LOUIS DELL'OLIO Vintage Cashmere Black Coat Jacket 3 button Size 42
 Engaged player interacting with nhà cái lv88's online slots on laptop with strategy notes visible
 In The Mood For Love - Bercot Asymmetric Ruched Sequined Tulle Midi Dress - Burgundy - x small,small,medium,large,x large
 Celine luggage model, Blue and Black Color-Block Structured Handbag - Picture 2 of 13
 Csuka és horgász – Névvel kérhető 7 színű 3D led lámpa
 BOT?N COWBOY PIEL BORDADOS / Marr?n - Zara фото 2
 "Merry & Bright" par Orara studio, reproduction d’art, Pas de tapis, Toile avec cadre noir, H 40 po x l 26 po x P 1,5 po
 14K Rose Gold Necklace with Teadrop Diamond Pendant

• [What is expected]
Your task is to set down exactly the lines from the line containing "In The Mood" to the end of the data above, including both ends.

• [Solution below]
 In The Mood For Love - Bercot Asymmetric Ruched Sequined Tulle Midi Dress - Burgundy - x small,small,medium,large,x large
 Celine luggage model, Blue and Black Color-Block Structured Handbag - Picture 2 of 13
 Csuka és horgász – Névvel kérhető 7 színű 3D led lámpa
 BOT?N COWBOY PIEL BORDADOS / Marr?n - Zara фото 2
 "Merry & Bright" par Orara studio, reproduction d’art, Pas de tapis, Toile avec cadre noir, H 40 po x l 26 po x P 1,5 po
 14K Rose Gold Necklace with Teadrop Diamond Pendant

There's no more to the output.